[SOURCE INFORMATION Boundary: Start]
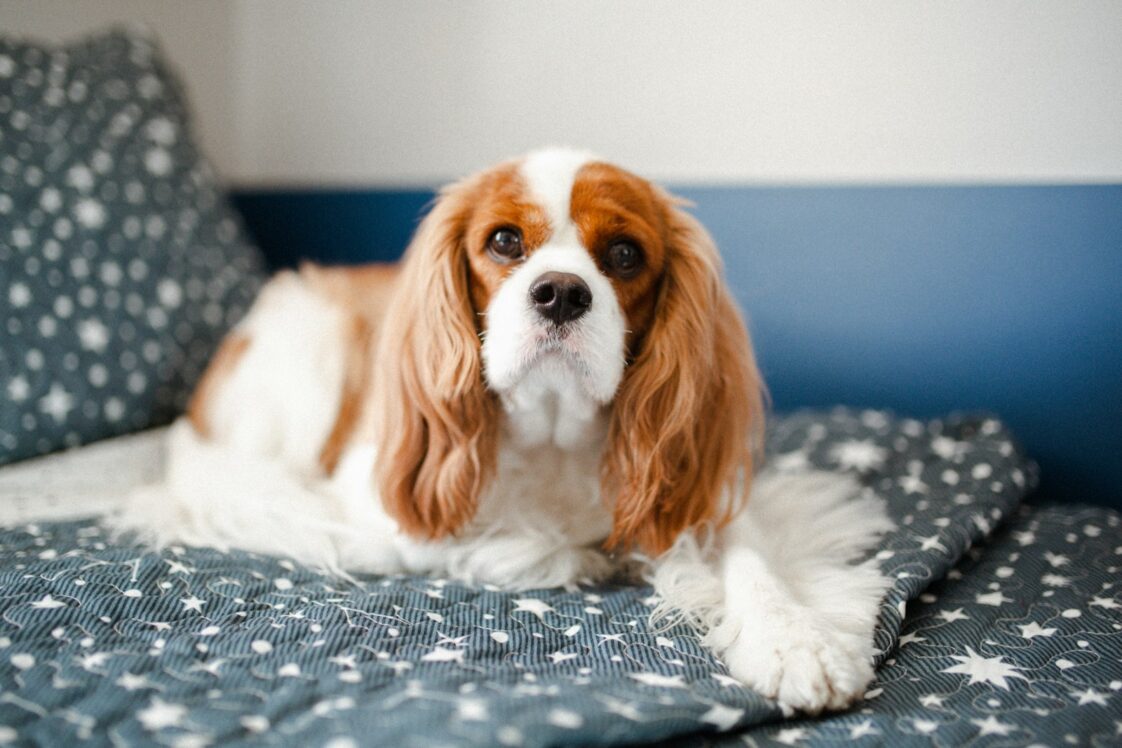 15 Best Dog Breeds for Single People - Housely
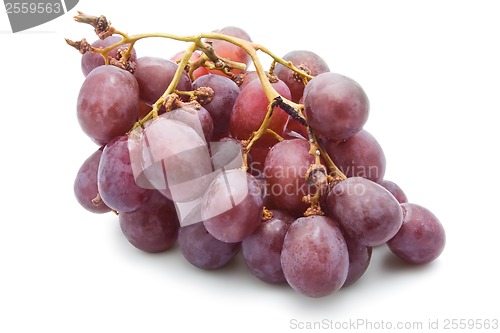 Image of Grapes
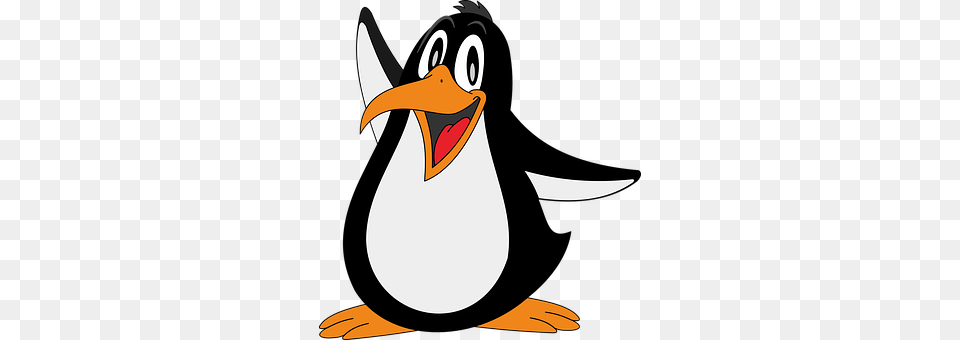Penguin Animal, Beak, Bird Free Transparent Png
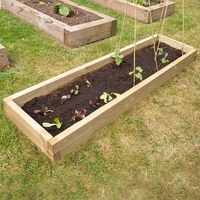 Forest Caledonian Long Raised Bed 1
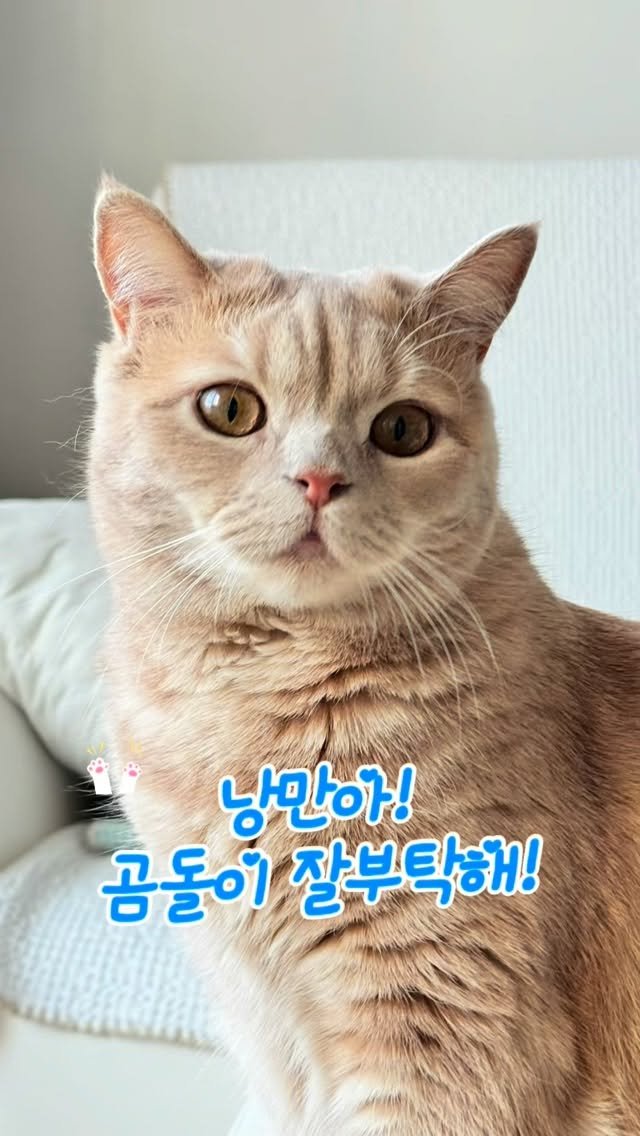 pooky_mam 게시물 이미지: #곰돌이 #입양완료 

입양해주신 천사부부님❤️
모든일에 행운이...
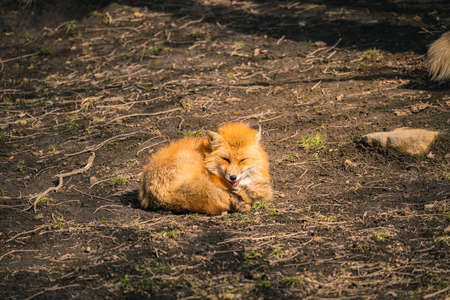 Foxes of Miyagi Zao Fox Village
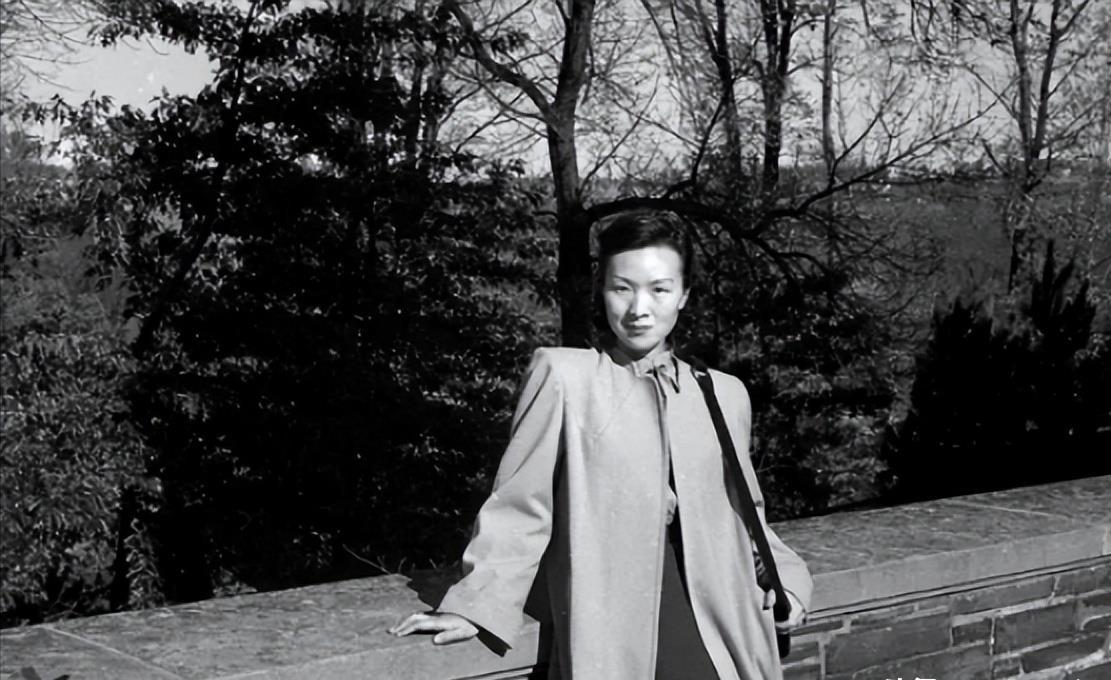 日本历史上的内战，探寻历史真相，探寻日本历史上的内战真相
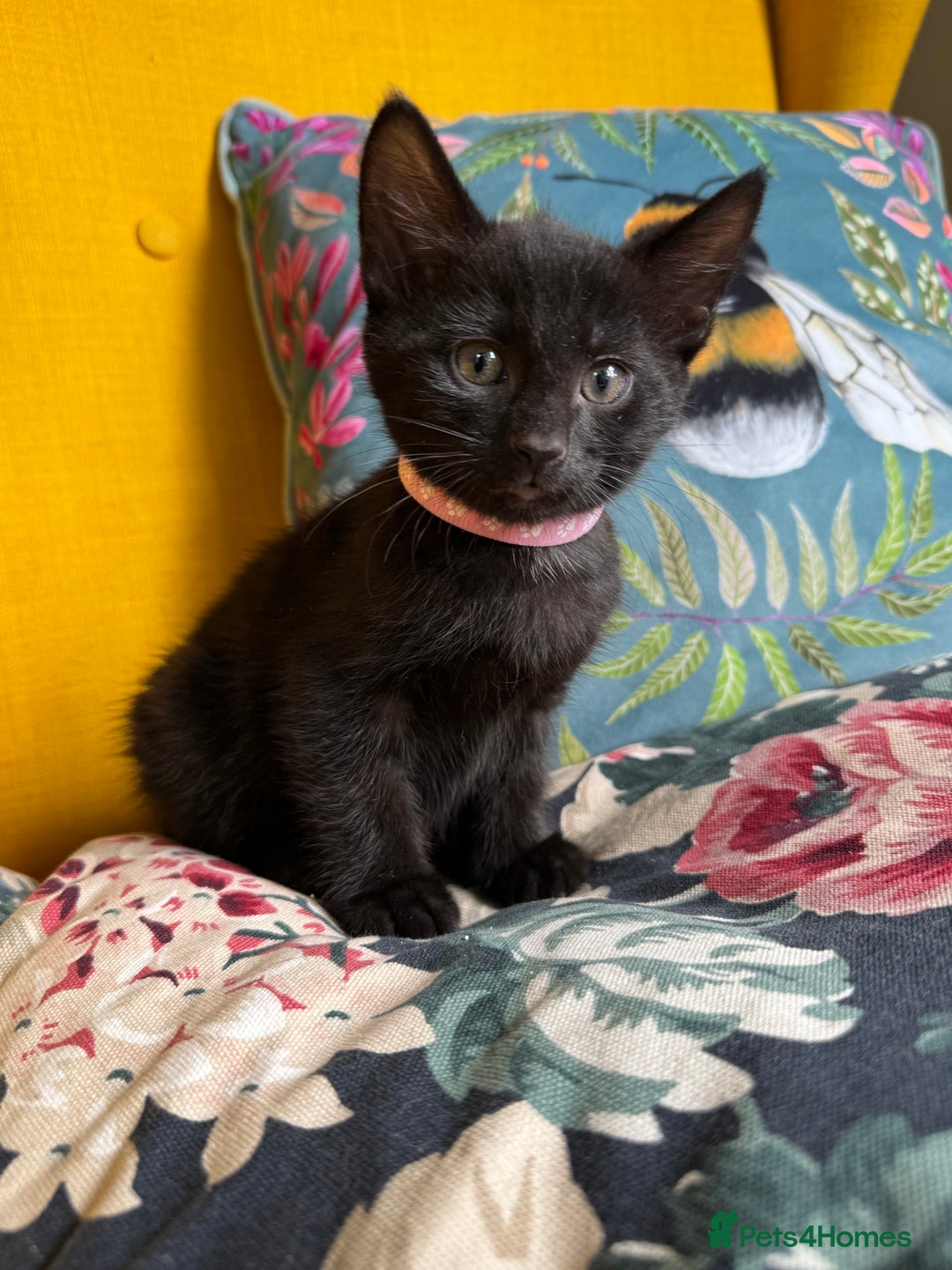 Mixed Breed cats for sale: 6 lovely black kittens looking for new homes - Image 9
[SOURCE INFORMATION Boundary: End]
▶ **ACTIVITY**
Start at the line holding "pooky_mam 게시물 이미지: #곰돌이 #입양완료" and stop at the last line of the entries above. Repeat those lines exactly, pictures excluded.

▶ **ANSWER TO THE PROBLEM**
 pooky_mam 게시물 이미지: #곰돌이 #입양완료 

입양해주신 천사부부님❤️
모든일에 행운이...
 Foxes of Miyagi Zao Fox Village
 日本历史上的内战，探寻历史真相，探寻日本历史上的内战真相
 Mixed Breed cats for sale: 6 lovely black kittens looking for new homes - Image 9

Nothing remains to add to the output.